ITE hearing aids are a great option. The conventional ITE hearing aid comes in various sizes and is usually worn entirely inside the ear or ear canal. It is easy to adjust the volume, and programs can be selected using a remote control. Many models can be connected to electronic devices such as mobile phones and TV sets wirelessly, but to achieve this you may need extra accessories.

Behind-the-ear (BTE) hearing aids

A BTE hearing aid is another alternative. These are suitable for individuals with mild-to-severe hearing loss and fit in the outer ear comfortably, extending all the components behind the ear to the housing.

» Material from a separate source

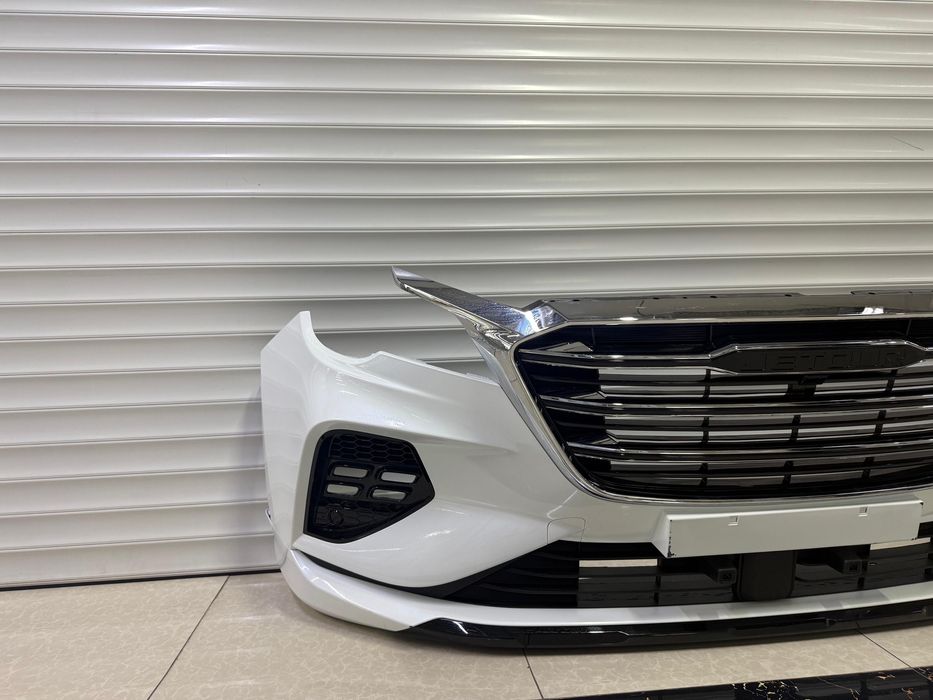 Передный бампер Жетур х 70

In-the-canal (ITC) hearing aids

ITC devices are very similar to ITE hearing aids. Slightly smaller, they sit only in the lower part of your ear, filling the ear canal but not the whole ear canal. ITCs are made up of a custom earmold, promising a comfy fit with a relatively small and unobtrusive design.

ITC hearing aids tend to be much smaller, which means other people are less likely to notice them. However, because of their small size, this means that they are not as powerful as other options, such as hearing aids like BTE.

Completely-in-canal (CIC) hearing aids

CIC hearing aids are put into the ear canal directly, making them one of the most discreet hearing aids on the market. However, they may not have as many advanced characteristics as other, larger models because of their smaller size.

Invisible-in-canal (IIC) hearing aids

IIC hearing aids are worn deep in the ear canal and are perfect for those with an extremely active lifestyle and for those that may want a more discreet hearing aid.